• _Work item_: Beginning with the line that holds "Coatings 13 00678 g006 Coatings" in the data below, give again every line through the one that holds "14 Acres with", exactly as written.

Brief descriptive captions
* * * * * * * * *

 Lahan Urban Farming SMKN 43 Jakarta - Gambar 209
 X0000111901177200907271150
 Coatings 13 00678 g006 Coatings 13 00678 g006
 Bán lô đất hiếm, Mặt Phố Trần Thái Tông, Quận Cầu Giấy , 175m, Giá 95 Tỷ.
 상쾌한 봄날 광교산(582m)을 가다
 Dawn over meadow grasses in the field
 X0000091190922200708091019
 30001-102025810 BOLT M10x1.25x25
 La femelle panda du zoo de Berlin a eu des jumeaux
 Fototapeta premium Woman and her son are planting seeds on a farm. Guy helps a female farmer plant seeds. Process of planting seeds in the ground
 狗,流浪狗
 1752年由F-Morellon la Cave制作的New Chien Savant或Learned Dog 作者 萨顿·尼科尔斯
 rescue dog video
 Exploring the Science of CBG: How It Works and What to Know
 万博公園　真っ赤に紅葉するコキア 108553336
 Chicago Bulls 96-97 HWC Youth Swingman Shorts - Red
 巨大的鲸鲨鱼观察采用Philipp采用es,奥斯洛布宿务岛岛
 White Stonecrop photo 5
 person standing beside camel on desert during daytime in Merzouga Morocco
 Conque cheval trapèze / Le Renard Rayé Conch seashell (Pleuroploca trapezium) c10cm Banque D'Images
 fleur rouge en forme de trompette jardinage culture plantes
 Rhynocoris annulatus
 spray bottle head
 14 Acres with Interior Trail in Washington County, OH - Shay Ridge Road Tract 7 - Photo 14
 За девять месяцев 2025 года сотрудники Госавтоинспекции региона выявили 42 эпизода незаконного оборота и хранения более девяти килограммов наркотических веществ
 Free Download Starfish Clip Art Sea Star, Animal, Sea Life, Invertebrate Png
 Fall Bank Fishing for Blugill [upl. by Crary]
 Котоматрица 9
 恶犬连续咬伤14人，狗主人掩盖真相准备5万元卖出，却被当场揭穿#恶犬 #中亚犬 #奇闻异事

* * * * * * * * *

• _Problem solution_:
 Coatings 13 00678 g006 Coatings 13 00678 g006
 Bán lô đất hiếm, Mặt Phố Trần Thái Tông, Quận Cầu Giấy , 175m, Giá 95 Tỷ.
 상쾌한 봄날 광교산(582m)을 가다
 Dawn over meadow grasses in the field
 X0000091190922200708091019
 30001-102025810 BOLT M10x1.25x25
 La femelle panda du zoo de Berlin a eu des jumeaux
 Fototapeta premium Woman and her son are planting seeds on a farm. Guy helps a female farmer plant seeds. Process of planting seeds in the ground
 狗,流浪狗
 1752年由F-Morellon la Cave制作的New Chien Savant或Learned Dog 作者 萨顿·尼科尔斯
 rescue dog video
 Exploring the Science of CBG: How It Works and What to Know
 万博公園　真っ赤に紅葉するコキア 108553336
 Chicago Bulls 96-97 HWC Youth Swingman Shorts - Red
 巨大的鲸鲨鱼观察采用Philipp采用es,奥斯洛布宿务岛岛
 White Stonecrop photo 5
 person standing beside camel on desert during daytime in Merzouga Morocco
 Conque cheval trapèze / Le Renard Rayé Conch seashell (Pleuroploca trapezium) c10cm Banque D'Images
 fleur rouge en forme de trompette jardinage culture plantes
 Rhynocoris annulatus
 spray bottle head
 14 Acres with Interior Trail in Washington County, OH - Shay Ridge Road Tract 7 - Photo 14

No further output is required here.